That Niels Bohr certainly knew what he was talking about! But that hasn’t discouraged folks in any number of industries from trying to make predictions.

Google in particular has been researching the predictability of search trends (just to be fair and balanced, so have Bing and Yahoo). Yossi Matias, Niv Efron, and Yair Shimshoni at Google Labs Israel have made some fascinating observations based on Google Trends, including the following:

  • Over half of the most popular Google search queries are predictable in a 12 month ahead forecast, with a mean absolute prediction error of about 12%.
  • Nearly half of the most popular queries are not predictable (with respect to the model we have used).
  • Some categories have particularly high fraction of predictable queries; for instance, Health (74%), Food & Drink (67%) and Travel (65%).
  • Some categories have particularly low fraction of predictable queries; for instance, Entertainment (35%) and Social Networks & Online Communities (27%).
  • The trends of aggregated queries per categories are much more predictable: 88% of the aggregated category search trends of over 600 categories in Insights for Search are predictable, with a mean absolute prediction error of of less than 6%.
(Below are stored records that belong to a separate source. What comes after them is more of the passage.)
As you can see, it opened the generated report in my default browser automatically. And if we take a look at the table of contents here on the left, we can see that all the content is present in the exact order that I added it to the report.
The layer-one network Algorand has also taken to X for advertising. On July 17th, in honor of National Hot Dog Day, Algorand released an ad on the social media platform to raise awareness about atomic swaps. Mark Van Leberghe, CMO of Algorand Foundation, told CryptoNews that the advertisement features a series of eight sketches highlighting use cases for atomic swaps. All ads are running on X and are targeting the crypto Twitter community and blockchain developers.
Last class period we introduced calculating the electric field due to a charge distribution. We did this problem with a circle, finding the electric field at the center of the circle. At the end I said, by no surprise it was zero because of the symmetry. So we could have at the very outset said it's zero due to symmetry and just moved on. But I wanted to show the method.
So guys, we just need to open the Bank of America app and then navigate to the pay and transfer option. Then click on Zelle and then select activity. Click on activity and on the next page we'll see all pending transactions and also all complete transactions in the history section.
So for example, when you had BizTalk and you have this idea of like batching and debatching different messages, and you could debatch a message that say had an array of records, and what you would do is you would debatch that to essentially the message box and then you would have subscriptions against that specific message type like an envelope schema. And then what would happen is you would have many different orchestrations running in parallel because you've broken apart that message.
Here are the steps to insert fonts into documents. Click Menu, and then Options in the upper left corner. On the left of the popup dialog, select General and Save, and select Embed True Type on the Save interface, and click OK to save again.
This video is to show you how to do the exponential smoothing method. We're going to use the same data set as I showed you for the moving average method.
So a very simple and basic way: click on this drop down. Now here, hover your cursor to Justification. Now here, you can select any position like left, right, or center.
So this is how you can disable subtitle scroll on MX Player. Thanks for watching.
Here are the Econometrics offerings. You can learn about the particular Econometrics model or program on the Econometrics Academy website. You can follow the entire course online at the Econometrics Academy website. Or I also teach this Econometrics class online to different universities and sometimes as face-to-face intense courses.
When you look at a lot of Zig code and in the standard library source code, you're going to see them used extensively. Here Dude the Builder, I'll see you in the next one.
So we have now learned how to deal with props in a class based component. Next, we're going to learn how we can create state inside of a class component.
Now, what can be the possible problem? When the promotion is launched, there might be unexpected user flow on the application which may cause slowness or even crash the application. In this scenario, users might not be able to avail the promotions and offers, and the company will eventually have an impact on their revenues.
You can read their full 32-page paper here.

I’m not surprised at the predictability of human search behavior, especially for stable topics or even for unstable ones viewed as aggregates–one could argue the celebrities and scandals du jour are unpredictable but interchangeable. What I’m curious about is what we can do with this predictability.

In the SIGIR ’09 session on Interactive Search, Peter Bailey talked about “Predicting User Interests from Contextual Information“, analyzing the predictive performance of contextual information sources (interaction, task, collection, social, historic) for different temporal durations. Max Van Kleek wrote a nice summary of the talk at the Haystack blog. The paper doesn’t investigate seasonality (perhaps because they only looked at four months of data), but I’d imagine they would subsume it under the broader categories of historic and social context. But they do set a clear goal:

Postquery navigation and general browsing behaviors far outweigh direct search engine interaction as an information-gathering activity…Designers of Website suggestion systems can use our findings to provide improved support for post-query navigation and general browsing behaviors.
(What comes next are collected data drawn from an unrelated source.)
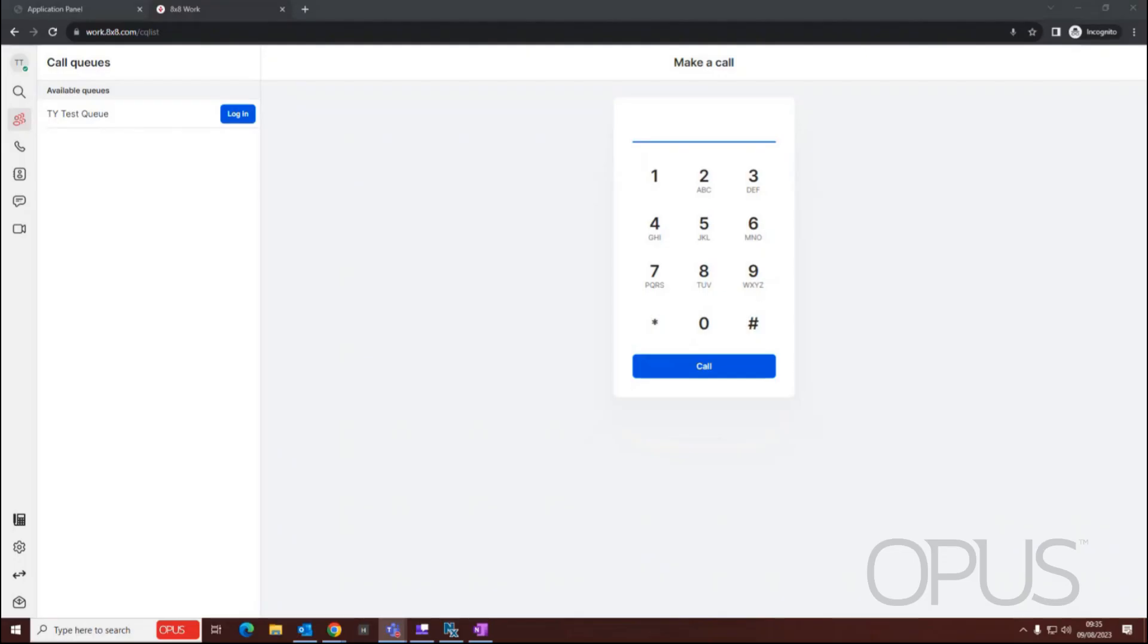Hello and thank you for joining me for this demonstration of how to change your active device from the 8x8 Work for Web application.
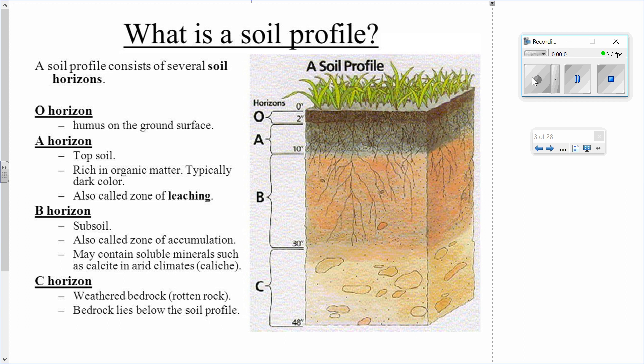There might be questions on the soil profile. The questions can be in the form of a multiple choice question, a multiple choice question with a diagram of the soil profile, or a short response. The soil profile has several horizons labeled O, A, B, and C. One way to remember is: O stands for organic, then the rest of the alphabet — A, B, and C.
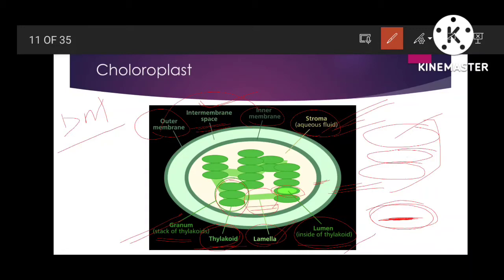All these sites are very important because various reactions of photosynthesis occur at different sites, which is especially important for MCQ questions.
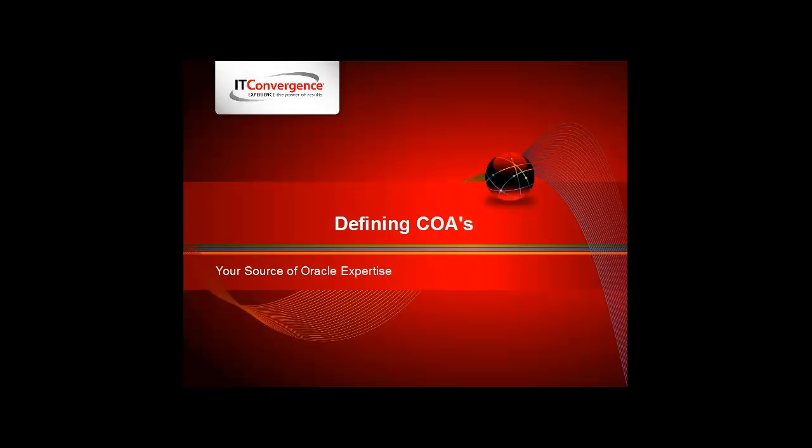This tutorial is part of a series of several videos that dive into Oracle Fusion applications. These videos can be found on the IT Convergence website as well as on our YouTube channel.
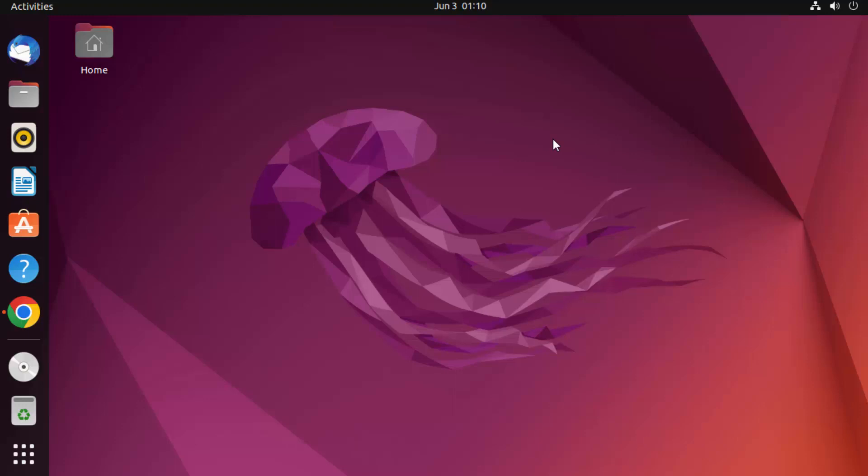In this video, I'm going to show you how you can install Wine on your Ubuntu operating system and use it to install some exe files. Wine is a tool using which you can install Windows executable files on your Ubuntu operating system.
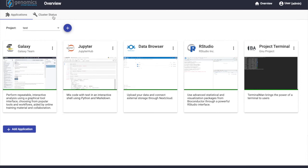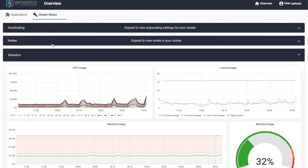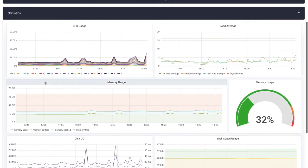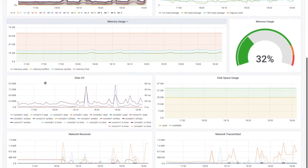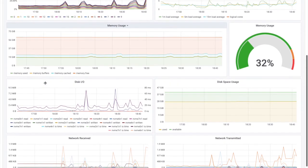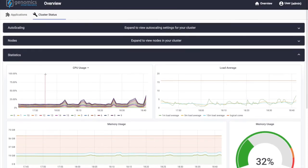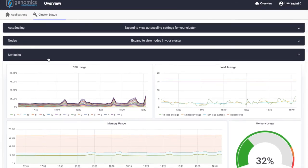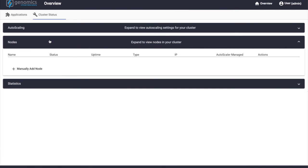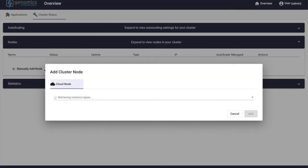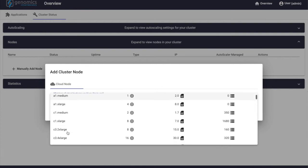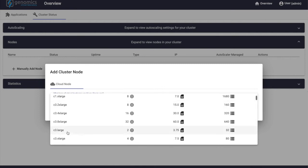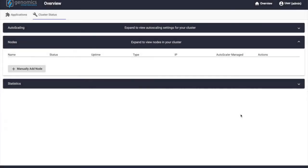In addition to the applications view, we also have the cluster status tab. This here provides us a graphical interface for the status of the current cluster or the hardware that the cluster currently runs on. Depending on the load on the system, we also have the option to expand the size of the cluster. We can manually add additional nodes to the cluster by clicking manually add node and selecting the type of virtual hardware we would like to use. By clicking add, additional nodes will be automatically provisioned that can be removed at any point in the future.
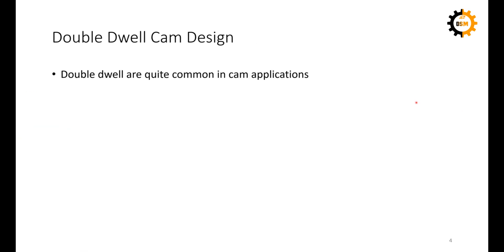In CEP-type cam follower mechanisms, the double dwell cam mechanism is the most common. CEP stands for Critical Extreme Position — mechanisms in which we know what behavior the cam follower should show at its extreme positions. Double dwell cam mechanism is the mechanism in which the follower experiences a stationary position twice in a complete cycle of the cam.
I hope Google is following a similar agenda. If you’re going to go through the trouble of predicting the future, then help make it a better one for users!

By Daniel Tunkelang

High-Class Consultant.

9 replies on “Prediction Is Hard, Especially About The Future”

I think that the quality of our predictions is probably proportional to the amount of innovation. Since we innovate faster and faster, we are going to become more and more unpredictable. No?

Think about making predictions about behavior in the middle ages (in Europe). Certainly, it was not very difficult! There was the odd, unexpected local war or drought… but mostly, everything was routine.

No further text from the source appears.